The arithmetic operators in Python are similar to C, C++, Java, and so on. There is addition (and subtraction):

In [12]:
a + c

33.14159

Multiplication:

In [13]:
a * e

(75+159j)

Division:

In [14]:
a / c

9.549304651466295

But ***beware*** that, like in C, C++, Java, etc., ***division of integers gives you integers***:

In [15]:
7 / 3

2.3333333333333335

If you want true division, convert one or both of the operands to floating point:

In [16]:
a = 7
b = 3
float(a) / b

2.3333333333333335

***NOTE*** that in **Python 3**, division of integers is **true division**.

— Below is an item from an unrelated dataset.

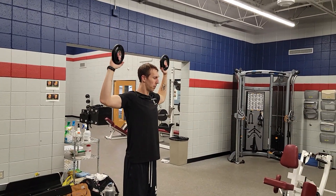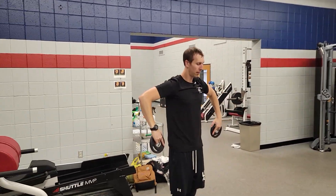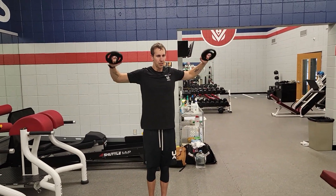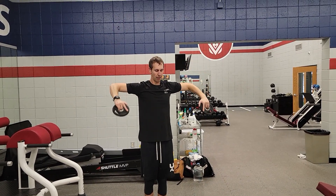You're going to reverse the pattern back down, so bring your elbows down to a 90 degree, turn, extend back down. So again: up, hands to the sky, up as high as you can, reverse the pattern back down, always trying to stay at that 90 degree with your elbows.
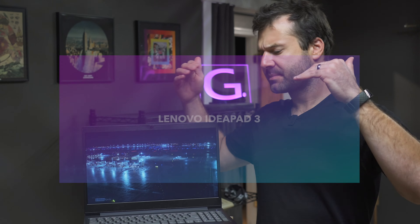Here we have the Lenovo IdeaPad 3. This laptop is meant to be a cheap entry-level machine, meant for those needing something basic, maybe like a student starting out, or like your grandmother who just needs to write email and do the occasional Word document, stuff like that.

If you are using Python 2.2 or higher, you can enable true division by putting the following statement at the top of your script:

    from __future__ import division

However, in **both Python 2 and Python 3**, the double-slash operator `//` represents integer division:

In [17]:
7 // 3

2

The `%` sign is the remainder operator:

In [18]:
32 % 26

6

Exponentiation is accomplished with the `**` operator:

In [19]:
print(5 ** 3, 9**-0.5)

125 0.3333333333333333


## Tuples

A tuple is a sequence of values. It's just about the handiest thing since integers. A tuple is immutable: once you have created it, you cannot add items to it, remove items from it, or change items. Tuples are very handy for storing short sequences of related values or returning multiple values from a function. This is what tuples look like:

In [20]:
some_tuple = ('a', 'b', 'c')
another_tuple = ('caffeine', 6.674e-11, 3.14, 2.718)
nested_tuple = (5, 4, 3, 2, ('a', 'b'), 'c')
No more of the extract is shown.